Il s’agit du quatrième groupe d’enfants ramenés avec la médiation du Qatar, le plus nombreux jusqu’à présent, onze au total, déclare à l’AFP le médiateur ukrainien, Dmytro Lubinets, à la frontière.  

Leurs proches ont attendu plus de six heures à un point de passage utilisé à des fins humanitaires avant que les enfants, les plus jeunes âgés de deux ans, ne sortent de l’obscurité pour être longuement étreints.  

« Je suis heureux et c’est tout », déclare Oleksandr, 16 ans, le plus âgé.  

Souriant timidement, il résume ses sentiments par « de la joie et un peu de nervosité, mais sinon tout va bien ». « Ma première pensée est que ma nouvelle vie commence, en fait ».  

Sa tante Viktoria, 47 ans, raconte qu’originaire de Sievierodonetsk (est de l’Ukraine), il vivait dans un foyer depuis la mort de sa mère et de son frère aîné dans la région de Louhansk en juillet 2022, lorsque leur voiture a été bombardée alors qu’ils tentaient d’évacuer.  

Oleksandr, qui lui a dit rêver parfois de sa mère mourante, aura besoin d’un soutien psychologique, dit-elle.  

« Nous ferons la fête »

Depuis le début de la guerre, elle n’a pu parler qu’une fois au téléphone avec lui, et s’est rendue trois fois dans les zones frontalières pour tenter, en vain, d’aller le chercher.  

« Notre situation semblait bloquée, mais finalement tout a été résolu », se réjouit-elle.  

Il a été envoyé dans un pensionnat public de Louhansk, une ville occupée de l’est de l’Ukraine, où ses papiers lui ont été pris « par tromperie », relate-t-elle : « ils ont fait pression sur lui psychologiquement pour l’empêcher de partir ».  

Cette mère de famille va le ramener chez elle, à Zhytomyr, près de Kyiv. « Nous ferons la fête et lui ferons visiter la ville ».  

Mais l’adolescent doit aussi rattraper son retard à l’école et se remettre des blessures subies dans la voiture bombardée.  

Sergiy, un développeur informatique de 36 ans de Kyiv, est lui venu chercher son neveu et sa nièce, Lev, 13 ans, et Zhazmin, 10 ans.  

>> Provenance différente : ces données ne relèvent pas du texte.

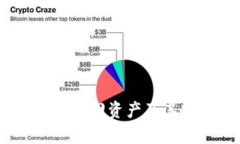 TP钱包：如何找回资产及其
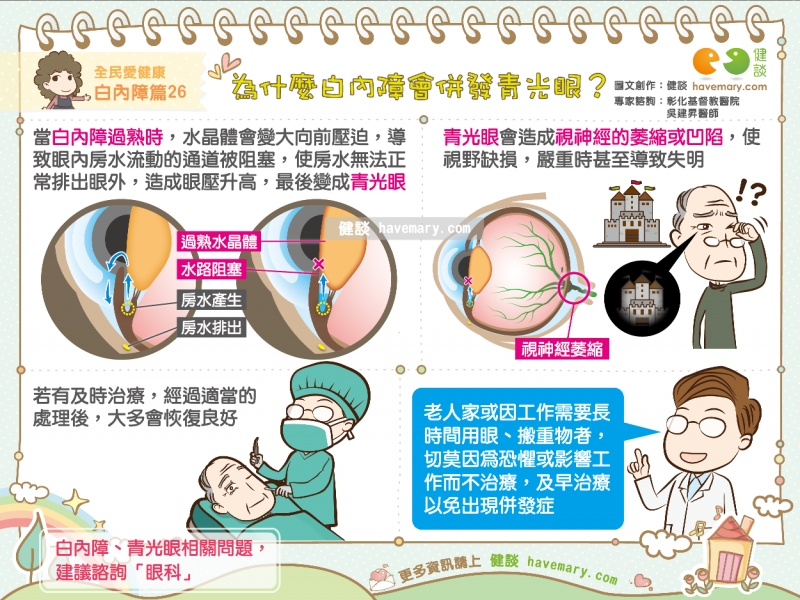 白內障,青光眼,白內障過熟,青光眼症狀,人工水晶體,香檳液泡,人工水晶體挑選,白內障手術,健康圖文,健康漫畫,漫漫健康,glaucoma,cataract,健談,健談網,havemary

À la mort de leurs parents, ils ont été pris en charge près de Moscou par une parente éloignée, qui « n’avait aucune envie de s’en occuper », voulait les placer en foyer et les a renvoyés à Marioupol, occupée par les Russes.

« Je pensais presque impossible de les récupérer », dit Sergiy. Sans enfant, il est prêt à devenir un père pour eux, sourit-il.

Une femme, membre des forces armées ukrainiennes et qui ne souhaite pas s’exprimer est elle venue chercher son fils de 13 ans, après avoir été détenue par la Russie comme prisonnière de guerre pendant plusieurs mois en 2022.  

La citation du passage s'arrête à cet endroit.